**WHAT YOU NEED TO DO**. Copy the lines running from the one that contains "Custom Home Movie Theater Sign" to the end of the entries below, exactly and with no pictures.

Saved entries

^^^^^^^^^^^^^^^^

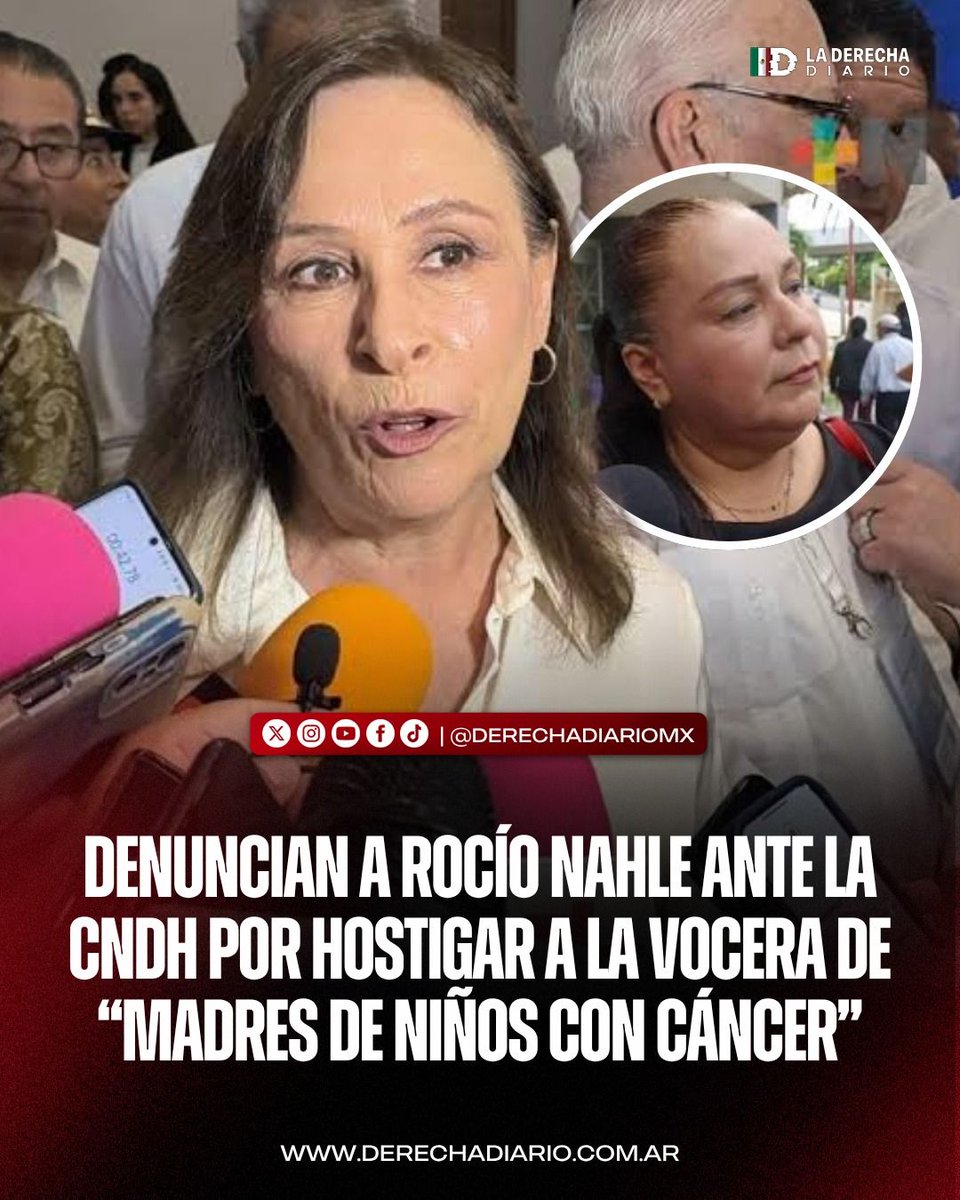 DerechaDiarioMX's tweet photo. 🚨🇲🇽 | Cora de Jesús Rodríguez, vocera de Madres de Niños con Cáncer, denunció ante la CNDH a la inútil gobernadora de Veracruz, Rocío Nahle, temiendo por su seguridad tras un fuerte altercado con el narcogobierno por exigir un trato digno en la administración de la salud pública.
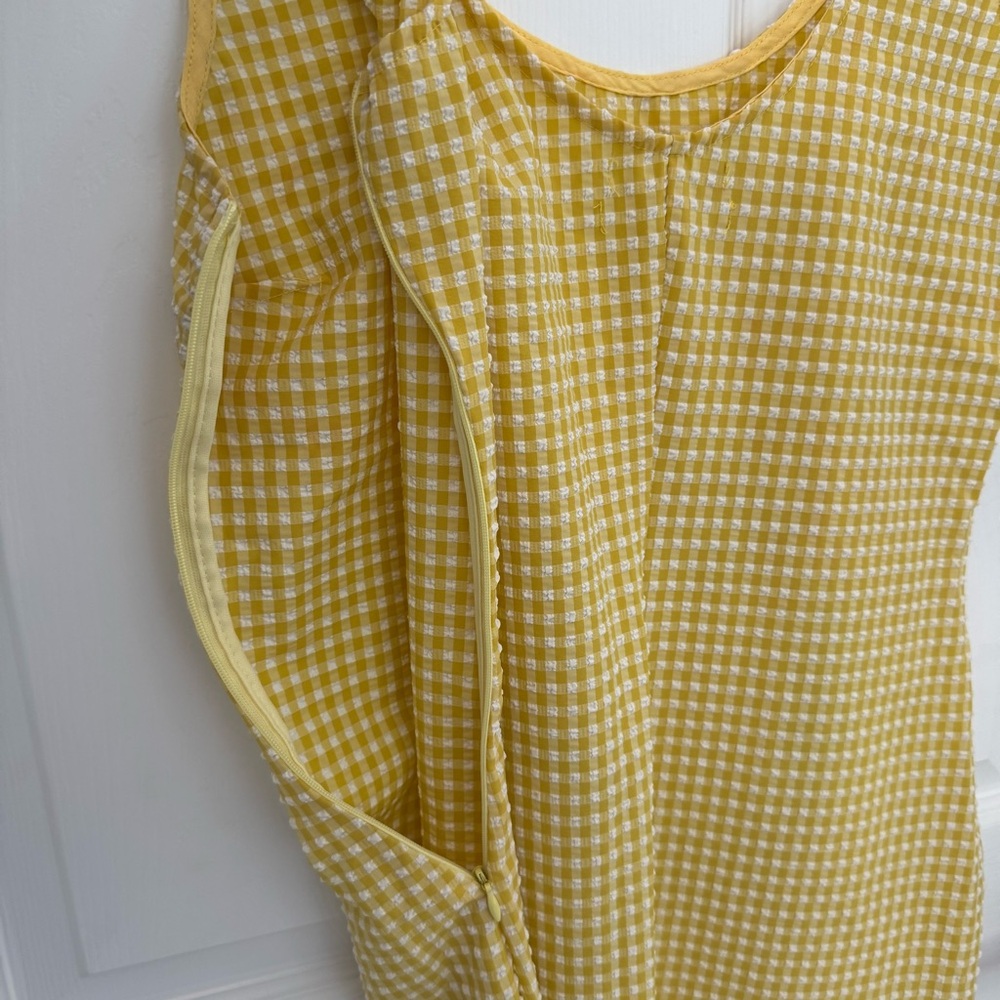 Urban Outfitters Mini Dress Yellow Gingham - Picture 7 of 9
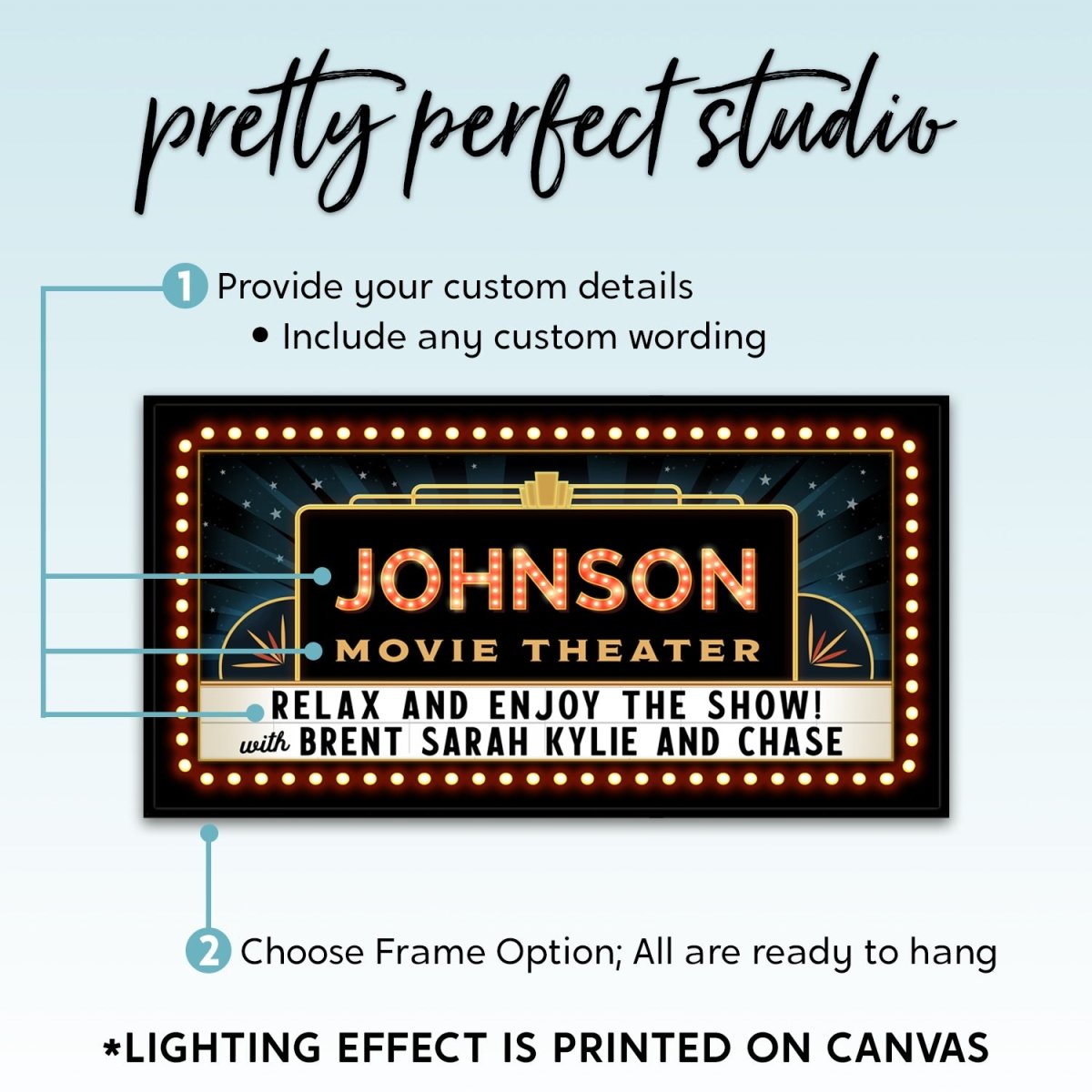 Custom Home Movie Theater Sign
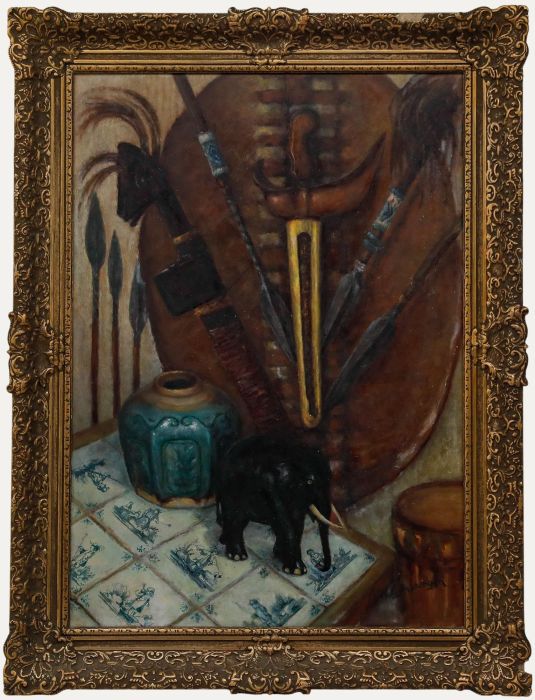 Albert Hendrik van Eynsbergen (1903-1986) - Oil, Ethnographic Still Life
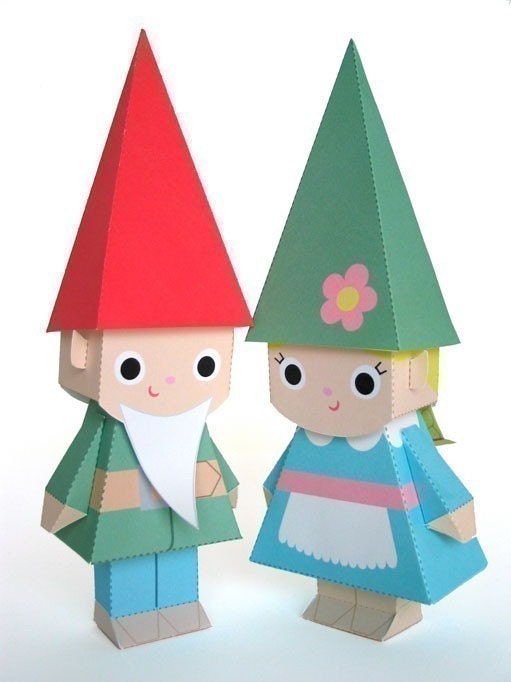 Fawn and Gnome Dolls Printable Paper Craft PDF
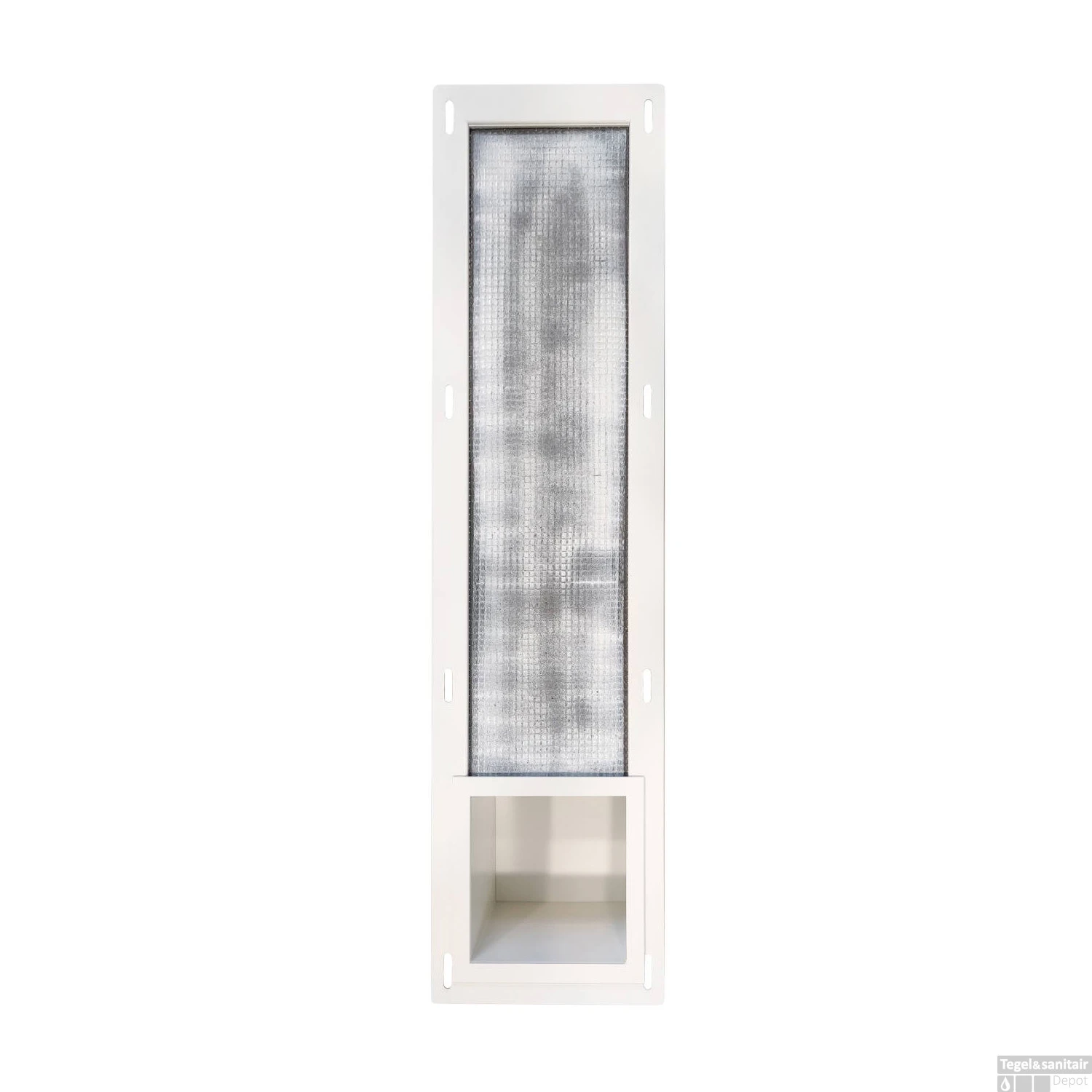 Inbouw Reserve Toilet Rolhouder BWS RVS Mat Wit 3 Inbouw Reserve Toilet Rolhouder BWS RVS Mat Wit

^^^^^^^^^^^^^^^^

**REPLY**.
 Custom Home Movie Theater Sign
 Albert Hendrik van Eynsbergen (1903-1986) - Oil, Ethnographic Still Life
 Fawn and Gnome Dolls Printable Paper Craft PDF
 Inbouw Reserve Toilet Rolhouder BWS RVS Mat Wit 3 Inbouw Reserve Toilet Rolhouder BWS RVS Mat Wit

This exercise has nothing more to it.